Question

我有一个Python脚本，使用subprocess.Popen调用另一个Python脚本。我知道被调用的代码总是返回10，这意味着它失败了。

我的问题是，来电者在75％的时间内只能读取10个。另外25％它读取0并且错误地将被叫程序失败代码视为成功。相同的命令，相同的环境，显然是随机出现。

环境：Python 2.7.10，Linux Redhat 6.4。这里提供的代码是（非常）简化版本，但我仍然可以使用它重现问题。

这是被调用的脚本，constant_return.py：

#!/usr/bin/env python2.7
# -*- coding: utf-8 -*-

"""
Simplified called code
"""
import sys

if __name__ == "__main__":
    sys.exit(10)

这是来电者代码：

#!/usr/bin/env python2.7
# -*- coding: utf-8 -*-

"""
Simplified version of the calling code
"""

try:
    import sys
    import subprocess
    import threading

except Exception, eImp:
    print "Error while loading Python library : %s" % eImp
    sys.exit(100)


class BizarreProcessing(object):
    """
    Simplified caller class
    """

    def __init__(self):
        """
        Classic initialization
        """
        object.__init__(self)


    def logPipe(self, isStdOut_, process_):
        """
        Simplified log handler
        """
        try:
            if isStdOut_:
                output = process_.stdout
                logfile = open("./log_out.txt", "wb")
            else:
                output = process_.stderr
                logfile = open("./log_err.txt", "wb")

            #Read pipe content as long as the process is running
            while (process_.poll() == None):
                text = output.readline()
                if (text != '' and text.strip() != ''):
                    logfile.write(text)

        #When the process is finished, there might still be lines remaining in the pipe
            output.readlines()
            for oneline in output.readlines():
                if (oneline != None and oneline.strip() != ''):
                    logfile.write(text)
        finally:
            logfile.close()


    def startProcessing(self):
        """
        Launch process
        """

        # Simplified command line definition
        command = "/absolute/path/to/file/constant_return.py"

        # Execute command in a new process
        process = subprocess.Popen(command, shell=True, stdout=subprocess.PIPE, stderr=subprocess.PIPE)

        #Launch a thread to gather called programm stdout and stderr
        #This to avoid a deadlock with pipe filled and such
        stdoutTread = threading.Thread(target=self.logPipe, args=(True, process))
        stdoutTread.start()
        stderrThread = threading.Thread(target=self.logPipe, args=(False, process))
        stderrThread.start()

        #Wait for the end of the process and get process result
        stdoutTread.join()
        stderrThread.join()
        result = process.wait()

        print("returned code: " + str(result))

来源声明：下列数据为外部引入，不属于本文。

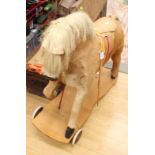 German sit-on horse on wheels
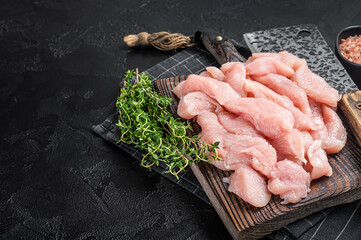 Fresh Raw turkey breast meat slices on a butcher board. Black background. Top view. Copy space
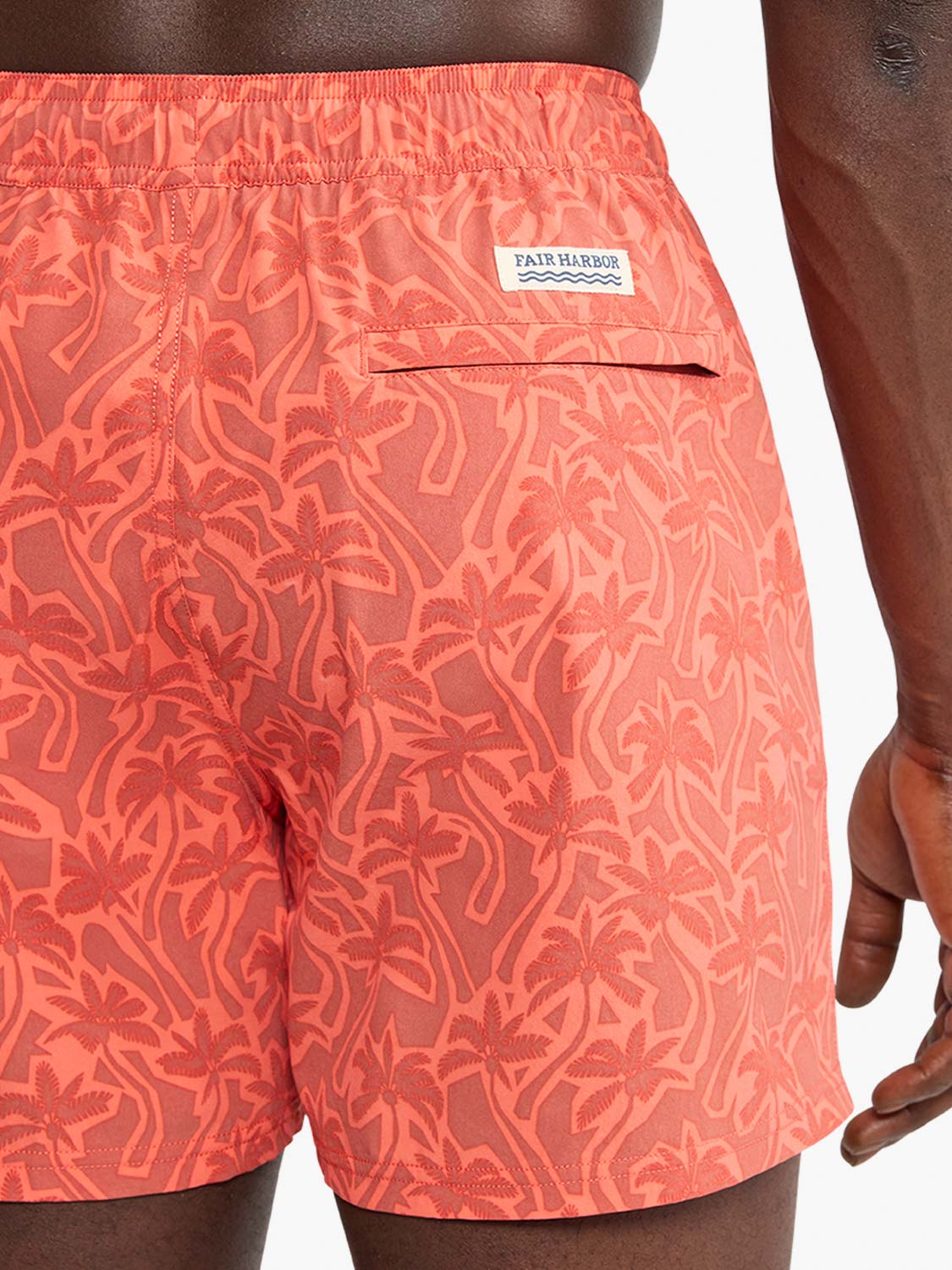 Coral swim trunks with palm tree cutout pattern and Fair Harbor brand label on back pocket.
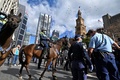 豪シドニーで行われたロックダウンに抗議するデモの対応に動員された警察の騎馬隊（2021年7月24日撮影）。(c)Steven SAPHORE / AFP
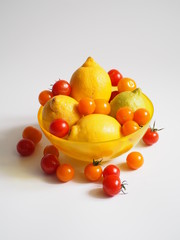 still lifes of bright yellow lemons and with yellow and orange cherry tomatoes in a yellow transparent bowl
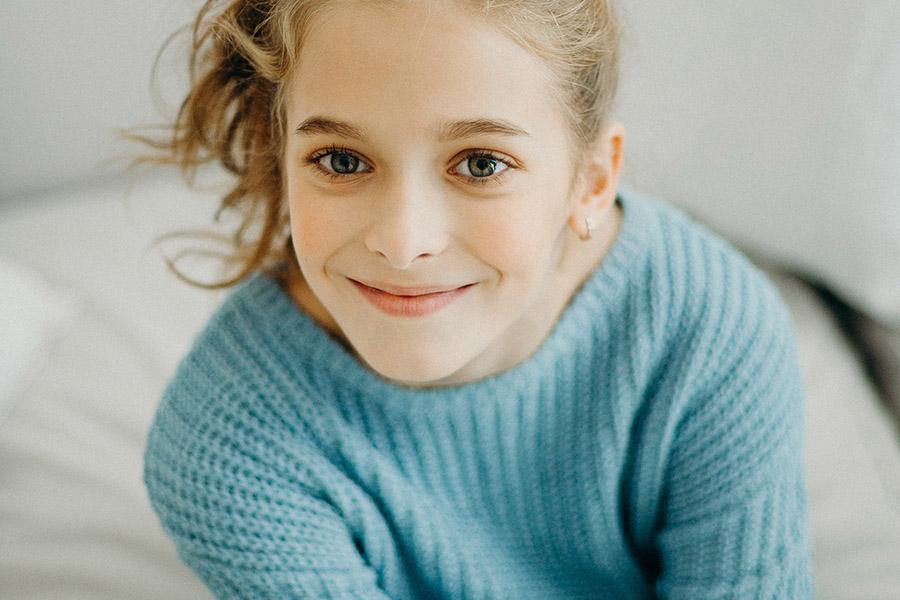 Giovane ragazza che indossa un maglione azzurro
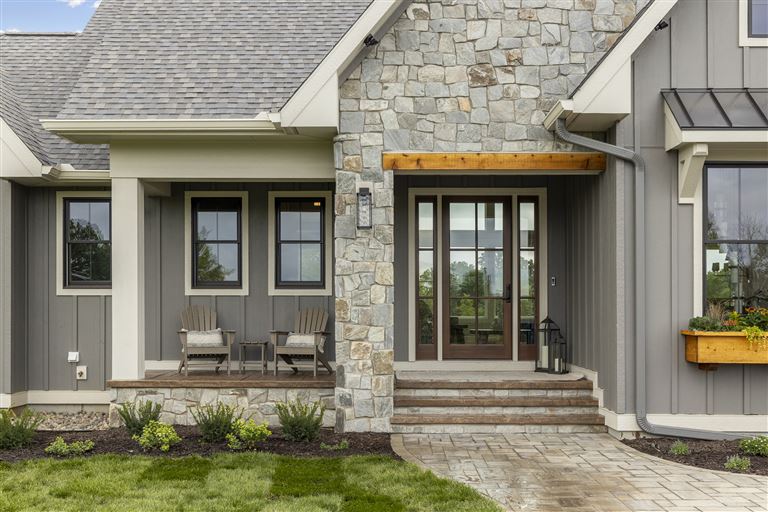 Luxury suburban home with a grand entrance and porch.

        #Send it back to the caller
        return (result)


#
# Main
#
if __name__ == "__main__":

    # Execute caller code
    processingInstance = BizarreProcessing()
    aResult = processingInstance.startProcessing()

    #Return the code
    sys.exit(aResult)

以下是我在bash中输入的用于执行调用者脚本的内容：

for res in {1..100}
do
    /path/to/caller/script.py
    echo $? >> /tmp/returncodelist.txt
done

它似乎以某种方式连接到我读取被调用程序输出的方式，因为当我使用process = subprocess.Popen(command, shell=True, stdout=sys.stdout, stderr=sys.stderr)创建子进程并删除所有Thread内容时，它会读取正确的返回代码（但不会记录为我想要了......）

知道我做错了吗？

非常感谢你的帮助

Answer 1

logPipe还会检查进程是否处于活动状态，以确定是否还有更多数据需要读取。这是不正确的 - 您应该通过查找零长度读取或使用output.readlines（）来检查管道是否已达到EOF。 I / O管道可能比该过程更长。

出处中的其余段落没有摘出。